DATA ▸

= = = = =

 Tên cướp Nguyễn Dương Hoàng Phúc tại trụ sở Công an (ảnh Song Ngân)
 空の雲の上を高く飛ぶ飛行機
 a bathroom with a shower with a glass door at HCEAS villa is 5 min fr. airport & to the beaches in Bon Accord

= = = = =

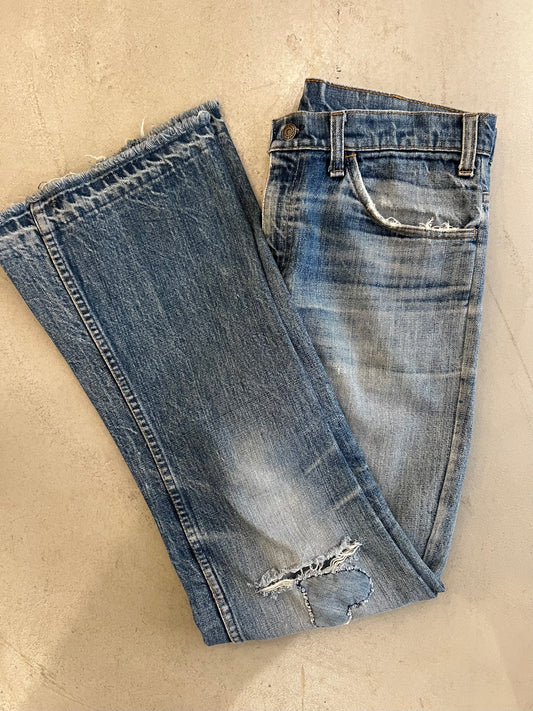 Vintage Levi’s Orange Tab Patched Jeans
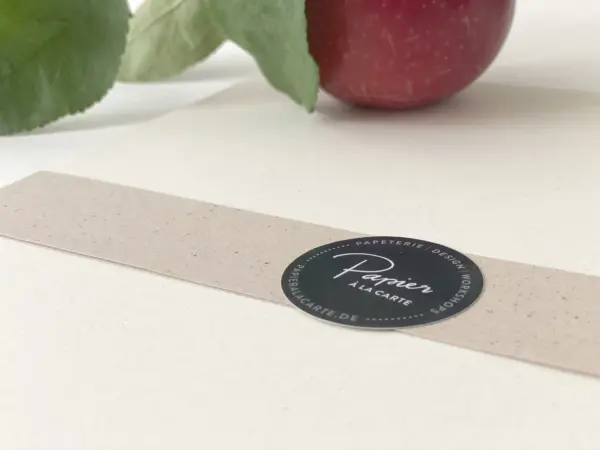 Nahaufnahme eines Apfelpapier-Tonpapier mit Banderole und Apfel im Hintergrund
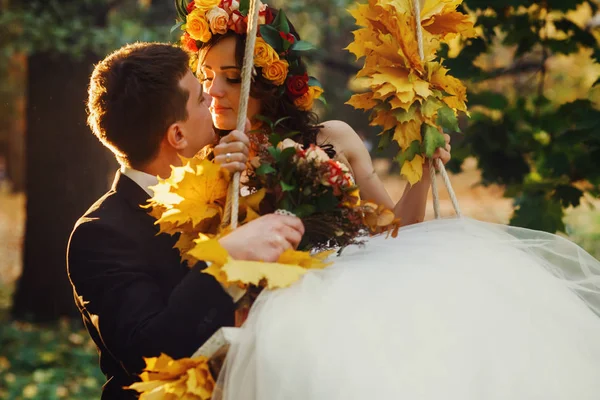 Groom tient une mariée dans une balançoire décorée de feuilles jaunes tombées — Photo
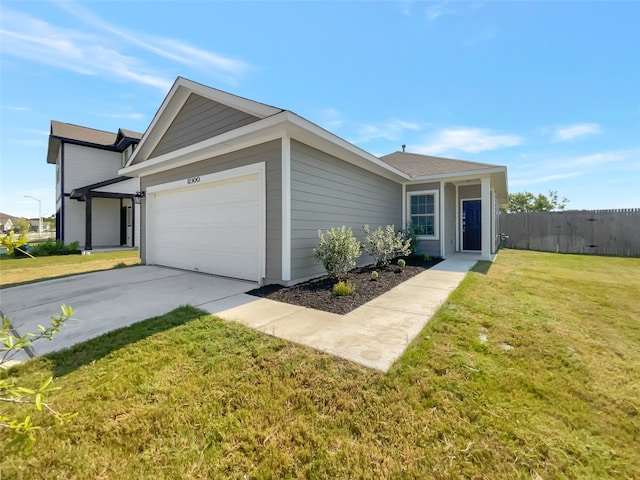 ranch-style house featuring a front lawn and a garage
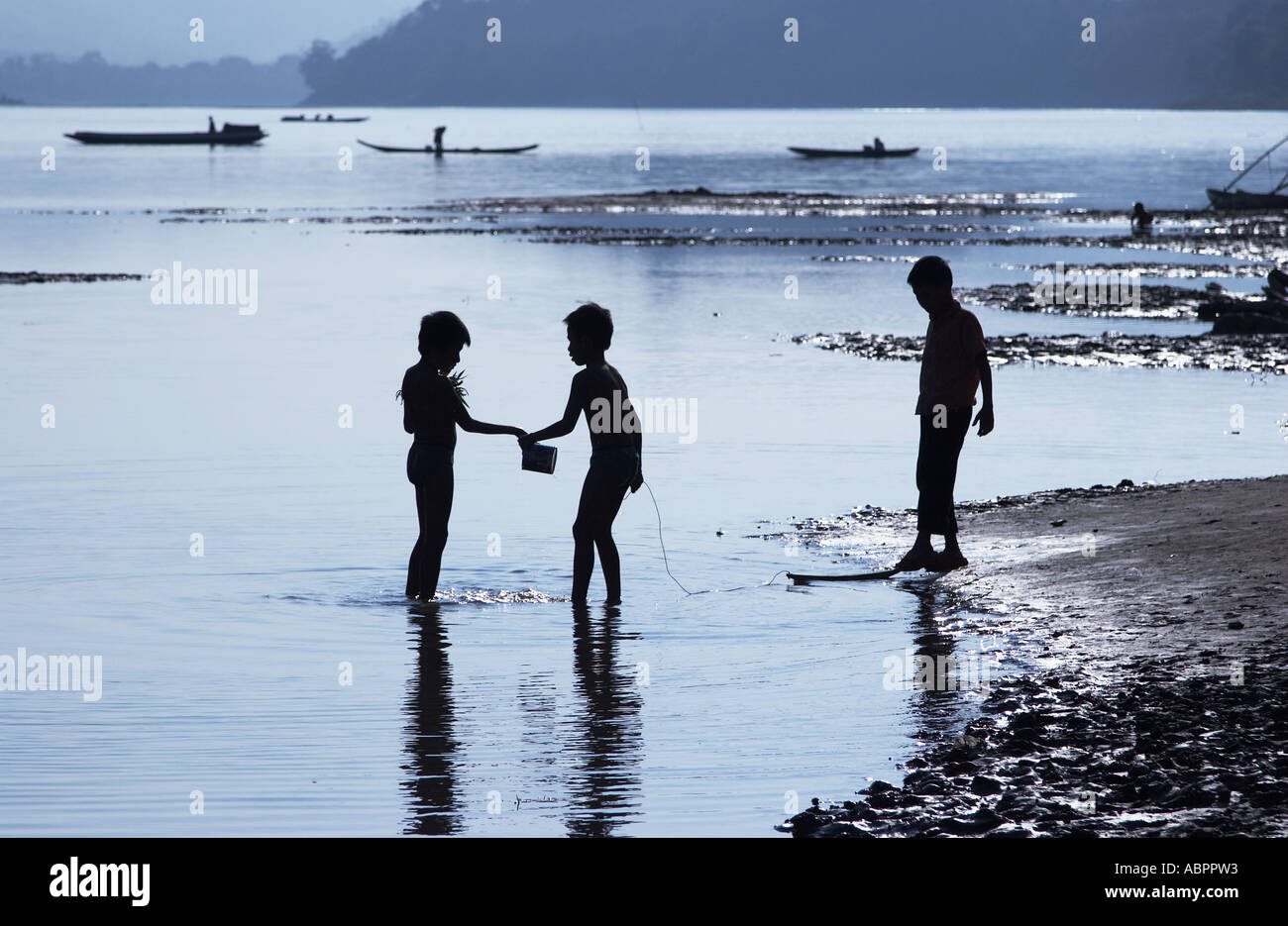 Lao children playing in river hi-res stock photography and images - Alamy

= = = = =

PROBLEM DESCRIPTION ▸ What is asked for is an exact copy of the lines above from the one containing "空の雲の上を高く飛ぶ飛行機" through the one containing "a bathroom with", and only those.

EXERCISE SOLUTION ▸
 空の雲の上を高く飛ぶ飛行機
 a bathroom with a shower with a glass door at HCEAS villa is 5 min fr. airport & to the beaches in Bon Accord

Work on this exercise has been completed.